Ayı oynatan adam hemen ayının zincirini gererek ayıyı
kendine çekti. Ayının bu hareketi daha da korkmama neden oldu. Oradan hemen
uzaklaşmak istedim. İnsanlar gülüp eğlenirken ben hem korkmuş hem de oradan bir
an önce uzaklaşmak istemiştim. Hayvancağızın yeri burası mıydı?
Onun özgürce yaşayacağı yer ormanlar olmalıydı! İnsanların maskarası mıydı? Daha çocuk
aklımla bunları düşünmekten, üzülmekten kendimi alamamıştım. Oradan bir an önce
uzaklaşmak istedim. Biz uzaklaşırken adam elindeki tefi oraya toplanmış
insanlara uzatıyor, para topluyordu.
Yani ayıya taklit yaptırıyor, onun sırtından para kazanıyordu. Ayıyı
kazanç vasıtası yapmıştı. Bunları düşündükçe bütün neşem kaçmıştı. İlk aklıma
gelen soruyu yengeme döndüm sordum:
-Yengecim bu ayı tıpkı bir insan gibi nasıl böyle taklit
yapabiliyor?
Yengem İstanbul' un yerlisiydi ve emekli Öğretmendi.
-Canım daha küçüksün, anlatsam da anlayamazsın.
-Ne olur yengecim anlat. Çok merak ediyorum.
-Canım edindiğim bilgilere göre ayı terbiyecileri ayıları
ormandaki inlerinden kaçırıyor şehre getiriyorlar.
Kızgın bir sacın üstüne bastırıyorlarmış. Ayının ön ayakları
yanınca arka iki ayaklarının üstünde zıplıyorlarmış.
-İnanmıyorum!
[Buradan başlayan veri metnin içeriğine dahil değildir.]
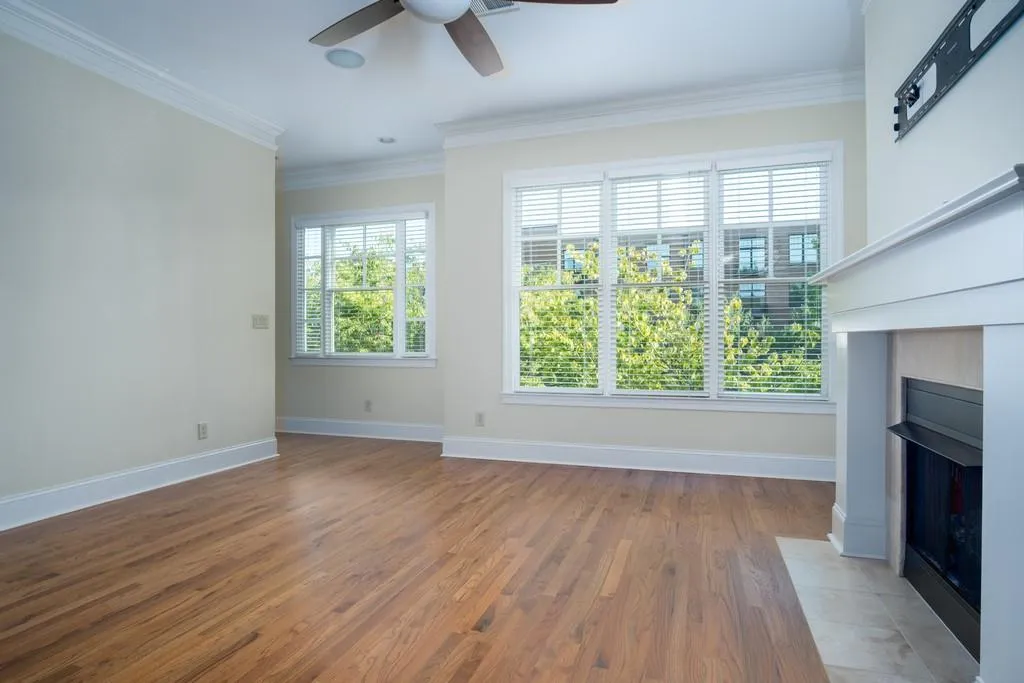 6075 City Walk Lane, Sandy Springs, Georgia 30328, 3 Bedrooms Bedrooms, ,3 BathroomsBathrooms,Residential,Sold,6075 City Walk Lane,6592058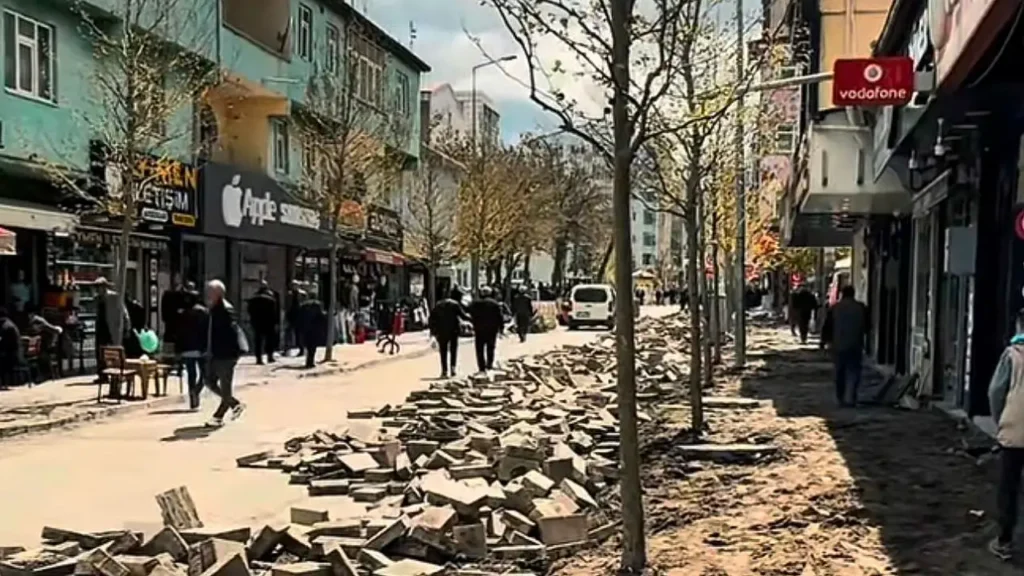 Doğubayazıt’ta Kaldırımlar Yenileniyor: Şehir Daha Estetik Olacak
Bu ne vicdansızlık! Yazık yaaa... Hayvana bu
işkenceyi nasıl çektiriyorlar? Yazık günah
değil mi?
-Evet yazık tabii ki! Bu adamlar bu işi meslek edinmişler
çünkü.
-Eeeee... Sonra?
-Her sacın üstüne çıkmalarında tefi çalıyorlar. Ayı tefin
sesini duyunca sacın üstüne çıkıp, ayağı yanmasın diye zıplıyor. Burunlarına
taktıkları halkaya bağlı zinciri çekerek daha çok hareket etmelerini
sağlıyorlar. Yani ayıyı şartlandırıyorlar.
Diğer hareketleri yaptırırken de başka yöntemler kullanıyorlar.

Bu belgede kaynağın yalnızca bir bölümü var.